7. The model or client then takes their place in the frame and I shoot a test frame. There is no rapport building, moment creating direction at this stage.
8. I get the technical bit spot on using a test and measure procedure. Subtle lighting and exposure tweaks are often needed at this point to get the foreground / background balance the way I like it.
9. With the technical stuff sorted out I can now go to town on creating a moment to capture. A key benefit of working manually with professional kit is that each exposure is going to be identical irrespective of small framing adjustments made during the shoot. I give my client or model 100% concentration adjusting the pose and creating moments to capture. Having a fun rapport is vital to keep life in the pictures.

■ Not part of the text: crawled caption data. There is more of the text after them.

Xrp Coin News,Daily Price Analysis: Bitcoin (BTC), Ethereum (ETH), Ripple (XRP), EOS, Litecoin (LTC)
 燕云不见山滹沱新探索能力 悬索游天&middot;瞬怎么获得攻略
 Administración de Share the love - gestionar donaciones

10. Post production is the crucial final step in obtaining the look required. All the pictures here have had a degree of post production to bring them to life. I aim to get the image as good as I can in the camera and Marko my picture editor finishes the job on the computer.
Using exposure balance…
Setting the camera to give a two stop under exposed background with a belt of flash really starts to make the shot look stylised. By contrast, working the background at just one stop down with a splash of flash from a silver brolly can look like fading sunlight on an otherwise overcast day. Very subtle use of flash from a large source like a soft box will just lift the contrast in a face enough to create a healthy glow and radiance.
Using light modifiers…
Controlling the direction and relative size of the light source can greatly affect the power of flash required. When I’m competing with the sun and want to use a brolly to soften the light I will switch the Mobil pack to full power. The top fashion photographers often use packs many times the power of my kit. This enables them to use soft boxes and other diffusers at greater distances. The good news is you can get 95% of their look with just 1200ws of light.
A fresnel spot attachment on the front of my Mobil head gives a controlled beam of light that can be easily focussed. It is far more flattering to use a Fresnel lens rather than a snoot, as the soft edged fall off of the projected light creates a beautiful transition into shadow. This type of lens was used in the classic Hollywood studios last century and it is easy to see why.
1. Rigging a light on stairs or sloping ground requires a stand with what’s called a ‘lazy leg’. This is where one leg of the stand can extend to nearly double its length. I use a Lowel ‘Grand Stand’ that extends to just over 3 metres and features a lazy legJ
2. For extra stability when I rig my Mobil kit I attach the power pack to the base of the stand with a Velcro strap. I raise the centre section to lift the pack off the ground a few inches and this process creates a low centre of gravity. Once you have a brolly on the top the whole rig is like a kite!
3. Out on location, radio triggers are king. I find sync leads are rarely long enough and always seem to end up in the shot whilst infra red triggers fail to work reliably in bright sunlight.
4. A Mobil kit will give 150 flashes on full power with fast recycle set from one battery charge. This is just enough to get most jobs done. I plug the battery into my car via an inverter to recharge between locations.
Natural light alternatives…
Once you know how to light fashion portraits you can create pictures that look like they have been ‘lit’ with big flash by using just a hand held Speedlight or even natural ambient light. Once you can recognise the direction and shape of natural light sources, you can make use of them to form classic looks.